An any case, one can build a system which combines the best characteristics of a document store with the power of SQL. Both models can coexist in the same database, allowing the devloper to trully choose the data model which best suits his or her needs.

Wednesday, February 2, 2011

Sierra and the Clustrix Database Stack

A lot of the responses to my previous posts criticized my choice of comparing a document database like MongoDB to a relational database like Clustrix. I tried to examine aspects of the database architecture which have nothing to do with the data model, but somehow the data model would always come up. There is a set of concerns that's common to all database systems, whether you are a document store or a relational database.

But first, think about how your database would handle the following workload. Chose whatever data model you find best suited for my use case.

get me all the records from foo where a = ? and b = ?

foo has an index over A and another index over B.
A and B have non-uniform data distributions. A is 90% value "X" and B is 90% value "Y".
We have 1 billion records in foo.
The database has a choice: index A, index B, or scan and filter.
50% of the queries are a = X and b = Z, the other 50% are a = Z and b = Y

What does your database do?

If the database always chooses index A or index B for all queries, then it ends up examining 900,000 rows 50% of the time.

We'll come back to my question later. First, I will briefly describe what the database stack in Clustrix looks like. I need to set a foundation so that my next set of posts makes sense.

To anyone who has experience with DBMS systems, the stack should look very familiar. We have fairly strict abstraction of interfaces between the various portions of the stack.

The Protocol Handler and Query Parser are responsible for taking in user connections and translating SQL into our intermediate representation called Sierra. We can actually support multiple type of dialects at these two layers; the constraint is that we must be able to express the query language in Sierra. And Sierra is much more expressive than SQL. The value of Sierra is that it provides an extensive planner framework for reasoning about distributed database queries.

So the Planner/Optimizer only accepts Sierra. It runs through a search space of possible plans and prunes them based on cost estimates.

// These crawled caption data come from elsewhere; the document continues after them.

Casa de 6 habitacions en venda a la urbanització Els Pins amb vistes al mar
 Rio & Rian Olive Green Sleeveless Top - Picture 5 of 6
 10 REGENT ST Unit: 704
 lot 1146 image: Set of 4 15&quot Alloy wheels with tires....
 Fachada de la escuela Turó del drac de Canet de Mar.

After coming up with the best plan candidate, it translates into another intermediate representation used by the Distributed Compiler, which reasons out the physical execution plan for our query. Finally, we compile the query into machine code and execute it.

As a performance optimization, we cache the compiled programs and plans. Clustrix does not need to optimize and compile every query, and you don't need to use prepared statements to get this behavior.

Back to my question. What did you come up with? Well, I can tell you what happens in Clustrix. During the planning phase of Sierra, we examine the various statistics that the database keeps about the data distribution in our indexes. The statistics include tracking:

Number of distinct values across index columns
Quantile distributions
Hotlist tracking top n values within a column

Clustrix correctly chooses the plan which will result in the least number of rows examined for all input parameters.

Now, don't get me wrong. I am not claiming that data distribution statistics are unique to Clustrix. On the contrary, they are very common in any modern RDBMS. I'm using it as an example of a requirement that's independent of any data model, and it's actually a very important feature to have.

Tuesday, February 1, 2011

MongoDB vs. Clustrix Comparison: Part 2

Introduction

In Part 1 of my comparison, I ran some performance benchmarks to establish that relational systems can scale performance. In this post I would like to focus more on the High Availability and Fault Tolerance aspects of the two systems. The post will go over the approach of each system and what it means for fault tolerance and availability. I will also conduct a test of the claims: I'm going to fail a node by pulling power to see what happens.

A Primer on Clustrix Data Distribution

Clustrix has a fine grained approach to data distribution. The following graphic demonstrates the basic concepts and terminology used by our system. Notice that unlike MongoDB (and many other systems for that matter), Clustrix applies a per-index distribution strategy.

There are many interesting implications for query evaluation and execution in our model, and the topic deserves its own set of posts. For the curious, you can get a brief introduction to our evaluation model from our white paper on the subject. For this post, I'm going to stick to how our model applies to fault tolerance and availability.

You can find documentation for MongoDB's distribution approach on their website. In brief, MongoDB chooses a single distribution key for the collection. Indexes are co-located with the primary key shard.

Clustrix Fault Tolerance and Availability Demo

Fault Tolerance

Both Clustrix and MongoDB rely on replicas for fault tolerance. A loss of a node results in a loss of some copy of the data which we can find elsewhere in the system. The MongoDB team put together a good set of documentation describing their replication model. Perhaps one of the most salient differences between the two approaches is the granularity of data distribution. The unit of recovery on Clustrix is the replica (a small portion of an index), while the unit of recovery in MongoDB is a full instance of a Replication Set.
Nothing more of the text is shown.